Welcome to MT, Walt!


----------



## stone_dragone (May 17, 2006)

If Chuck Norris were here, he'd say "Hello".

And by "Say 'Hello'" I mean he'd roundhouse kick you in the head, but he'd do it with a warm smile.

Welcome


----------



## Tames D (May 17, 2006)

Welcome Walt. I fairly new here myself and it's a great forum.
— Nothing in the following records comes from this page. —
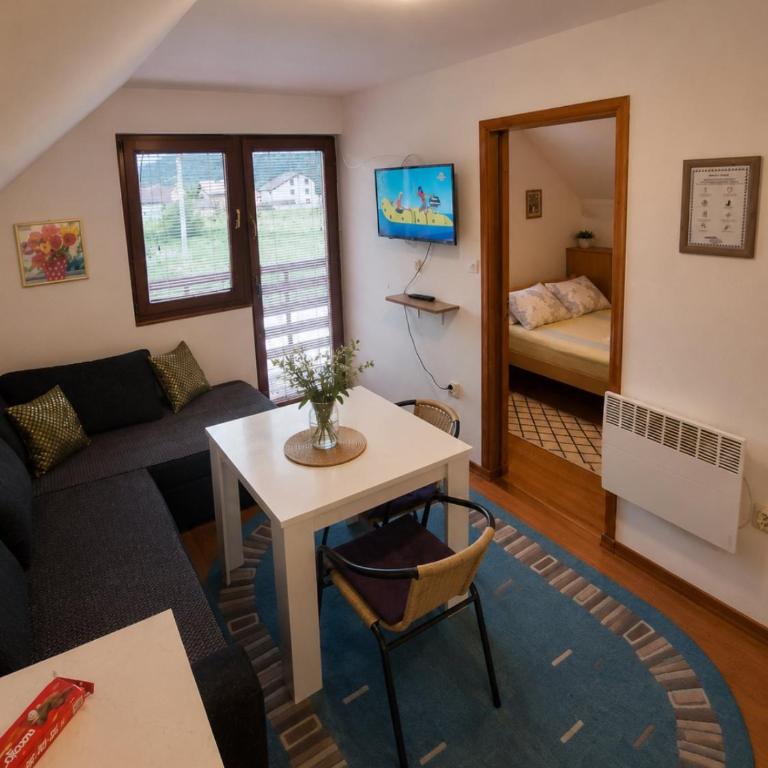 Sweet House, 2 Bedrooms, Free Parking, Near Sarajevo & Jahorina - Apartman - 4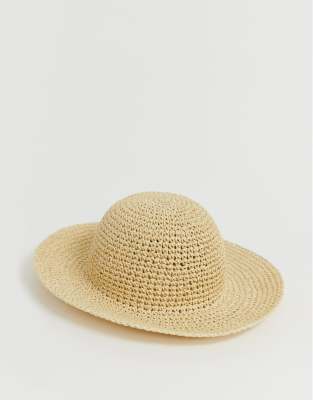 short floppy hat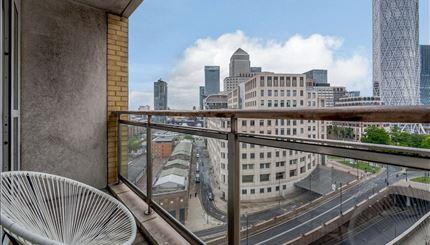 Flat Westferry Circus in Greater London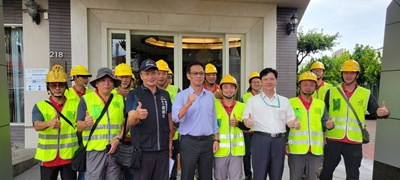嘉義縣環保局長張輝川將親臨台中隊駐地飯店,向全體救災人員表達誠摯慰勞_0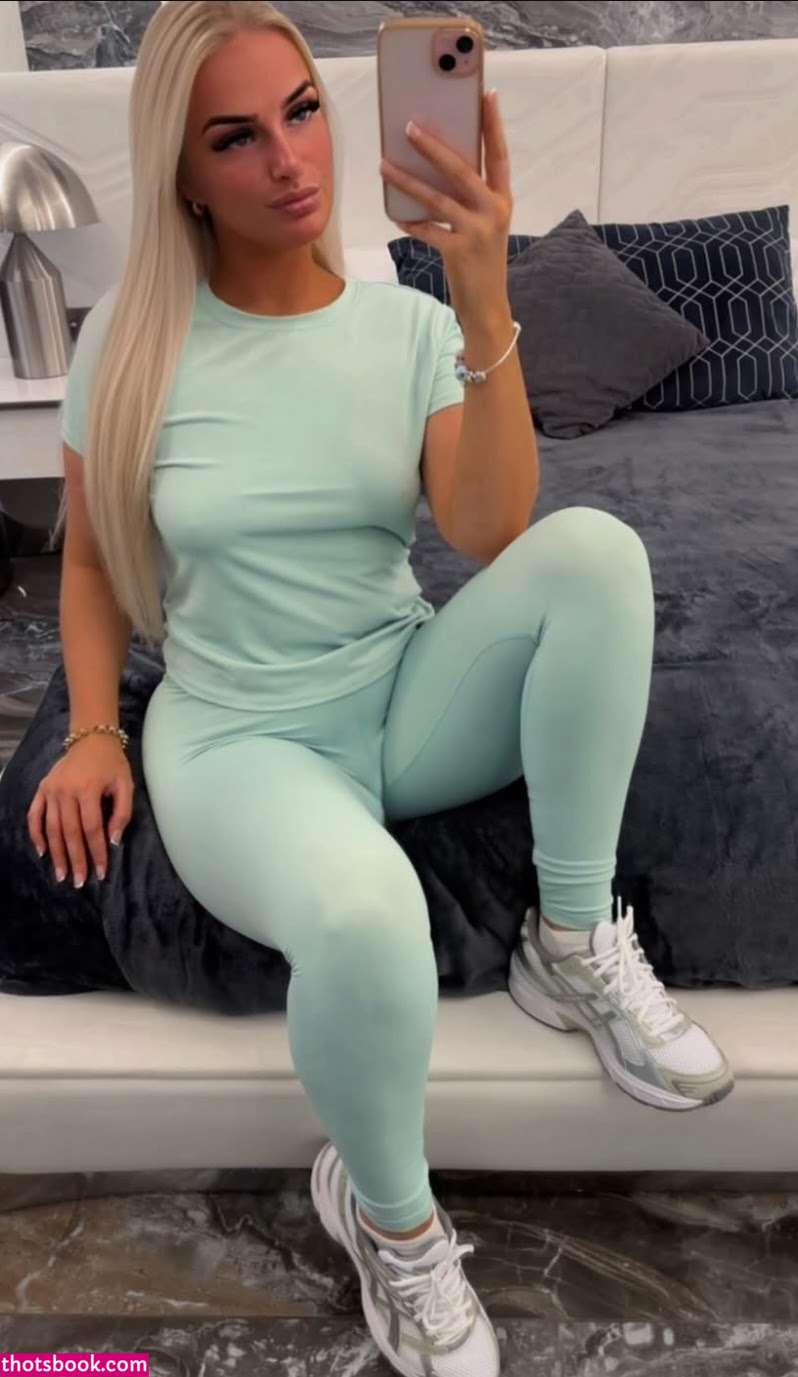 Abigail Holder Photo #18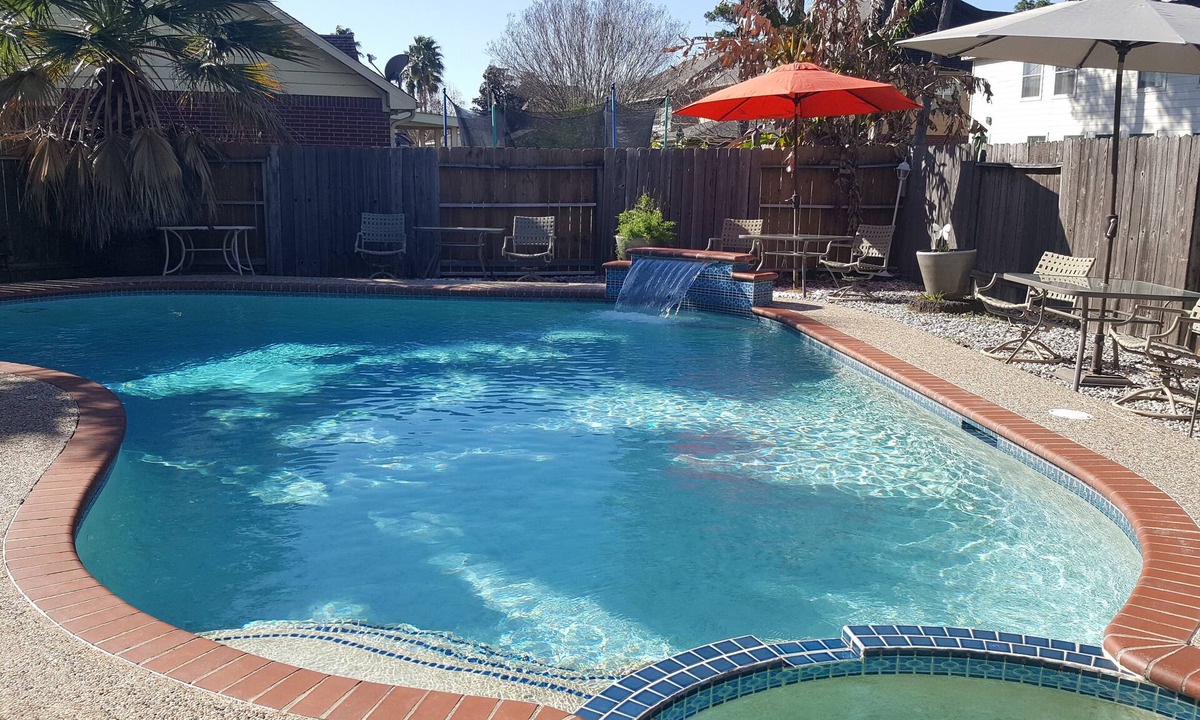 Northeast Houston House | The Oasis w/Private Pool & Spa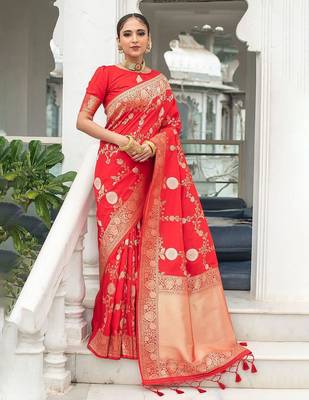 Woven Design Zari Banarasi Saree 1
Be safe over there!


----------



## bobster_ice (May 17, 2006)

Hey Walt, welcome to MT!!


----------



## tshadowchaser (May 17, 2006)

Welcome to the forum and be safe over there


----------



## eismann31 (May 17, 2006)

Hey Walt, welcome!!!


----------



## Kacey (May 17, 2006)

Welcome, and happy posting!   I hope your tour is safe - I have a former student who served in Iraq (former because his night shift job means he can't make any of the available class times, now that he's back) who had some really interesting stories... like the picture of the foot long scorpion... eeuuewww...


----------



## Rick Wade (May 18, 2006)

Aloha and welcome to the boards.  Happy posting.

V/R

Rick


----------



## Swordlady (May 18, 2006)

Welcome to MT!  Thanks for your service to your country, and be safe.


----------



## HKphooey (May 18, 2006)

Welcome to MT.  Happy posting

Watch your 6!


----------



## Jade Tigress (May 19, 2006)

Welcome to Martial Talk ~ Happy Posting


----------



## green meanie (May 19, 2006)

Your service is deeply appreciated. Welcome aboard! :asian:


----------



## bluemtn (May 20, 2006)

Welcome to Martial talk, Walt!  Happy posting!


----------



## kelly keltner (May 21, 2006)

welcome


----------



## still learning (May 23, 2006)

Hello, Welcome and enjoy the sites.......Aloha


----------



## Raewyn (May 24, 2006)

Welcome to MT.  Look forward to your posts


----------



## KenpoTess (May 24, 2006)

Good to have you here 

Welcome and Enjoy~!

~Tess


----------



## matt.m (May 24, 2006)

Welcome Walt,

Also and more importantly Semper Fi from a Jarhead from the mid nineties.  Hats off to you bub.  Do us proud.

Semper Fi and Hoshin,

Matt


----------



## Bob Hubbard (May 24, 2006)

Welcome!


----------



## Cyber Ninja (May 24, 2006)

Welcome FNG... What branch of the armed forces are you in? Take care while deployed...be safe and come home soon!


----------



## OnlyAnEgg (May 25, 2006)

Welcome to MT, Walt!


----------